Afferma, in sintesi, che l’infezione alla protesi e i successivi interventi erano conseguenza immediata e diretta della malpractice medica dei sanitari consistente nella mancata somministrazione di una adeguata profilassi antibiotica post-operatoria in grado di prevenire il rischio di infezione alla protesi.

La Struttura convenuta deduce l’assenza di condotta censurabile in capo ai sanitari dell’Ospedale  poiché era stata posta in essere la profilassi antibiotica richiesta per la tipologia di intervento.

La espletata CTU ha appurato la correttezza dell’operato dei medici sia nella fase preoperatoria che post intervento.

Nello specifico il Tribunale da atto che “ il management pre-operatorio da parte dei sanitari era stato sufficientemente completo e correttamente condotto relativamente all’attuazione di corretta profilassi antibiotica delle possibili infezioni post-chirurgiche, anche mediante l’uso di un cemento antibiotato, atto a minimizzare l’eventuale infezione dei tessuti peri protesici, al monitoraggio clinico-laboratoristico del paziente nel post-intervento (“effettuato puntualmente sino al momento della dimissione che non ha evidenziato chiari segni locali e sistemici di infezione”).

Ciò posto, i CTU hanno rilevato “l’assenza di un esame colturale e di un esame istologico sui campioni prelevati in corso di intervento chirurgico, accertamenti fondamentali ai fini della ricostruzione di un nesso causale, e da soli idonei a individuare indefettibilmente la sussistenza di un nesso di causa immediato e diretto (e quindi stabilire con certezza se la sintomatologia lamentata dall’attore fosse riconducibile ad una infezione peri-protesica o a una intolleranza ai materiali utilizzati nell’intervento chirurgico)”.

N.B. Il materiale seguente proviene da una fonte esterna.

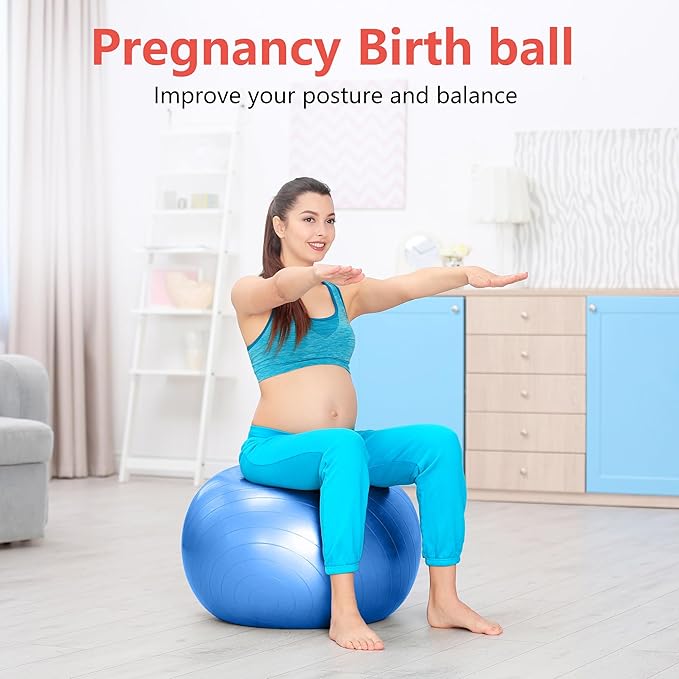 Exercise Ball for Balance Stability Fitness Workout Yoga Pilates at Home Office & Gym Birthing Ball for Pregnancy, Office Ball Chair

 In mancanza di tale riscontro, deve procedersi ad una ricostruzione del nesso causale col criterio probabilistico del “più probabile che non” premettendo che l’infezione dell’artroprotesi è una complicanza postchirurgica che si verifica con un’incidenza che va dal 2% rispettivamente negli interventi di impianto e va annoverata tra le c.d. complicanze dell’intervento e che a fronte della c.d. complicanza medica si tratta di capire se tale evento dannoso pur rilevabile in astratto nella statistica sanitaria (ma priva di rilievo sul piano giuridico), fosse un fatto o prevedibile ed evitabile, e dunque ascrivibile a colpa del medico, ovvero non prevedibile o non evitabile, sì da integrare gli estremi della causa non imputabile.                                                                    

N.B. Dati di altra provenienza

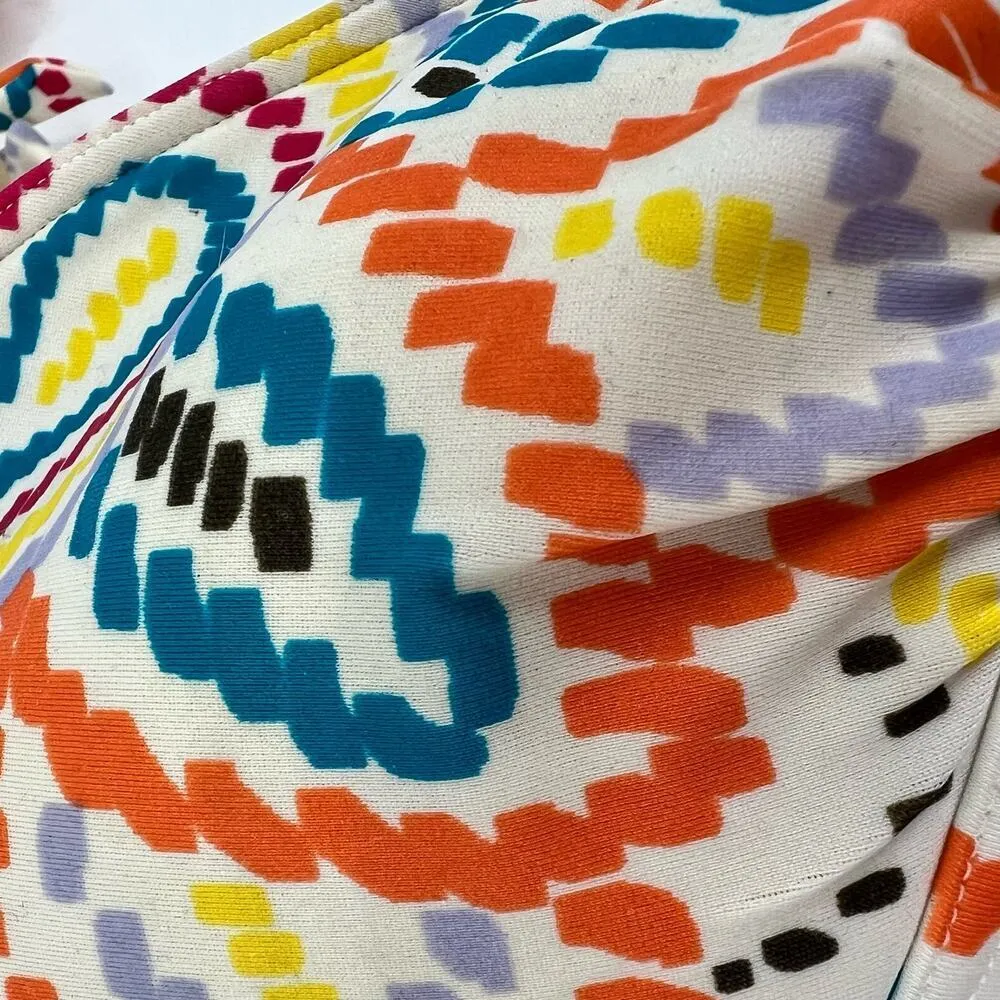 Victoria’s Secret Bikini Set Top Triangle Paisley Soft Padded colorful medium - Image 6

Ebbene, il decorso  post operatorio del paziente era stato regolare, in assenza di segni clinici, sistemici e/o locali, e di laboratorio di complicanza infettiva post-chirurgica. Veniva, difatti, dimesso in data 18/12/2008. Medesimo decorso regolare veniva riferito telefonicamente dallo stesso attore a distanza di un mese alla Capo Sala della Sala Operatoria (cd follow up telefonico).

Solo a seguito di controlli specialistici effettuati presso altra e diversa struttura a distanza di circa un mese dall’intervento di artroprotesi ginocchio sx (fine gennaio 2009) veniva documentata la presenza di idrarto reattivo e per questo effettuata artrocentesi, ma anche in tale occasione venivano esibiti

esami ematochimici che non rilevavano criticità degne di nota.

Solo dopo 6 mesi dall’intervento di posizionamento di artroprotesi e 5 mesi dalla procedura di artrocentesi, in corso di nuova visita ortopedica, nasceva il sospetto della complicanza infettiva tale da giustificare la prescrizione di una terapia antibiotica empirica domiciliare risultata inefficace.

A fronte di tali riscontri fattuali, viene escluso che, da un lato, i sanitari avrebbero dovuto porre in essere altri e più approfonditi controlli rispetto a quelli effettuati, dall’altro che l’infezione protesica fosse sussistente al momento delle dimissioni. Infatti, l’infezione veniva confermata dopo l’esame di scintigrafia eseguito a distanza di 10 mesi dall’intervento.

Conseguentemente non è possibile affermare, in ragione del criterio del più probabile che non, che la sintomatologia lamentata e l’intervento di revisione protesica, fosse riconducibile ad un’infezione peri-protesica contratta in occasione dell’intervento del giorno 4/12/2008.

Per tali ragioni la domanda viene rigettata con condanna alle spese di lite e di CTU.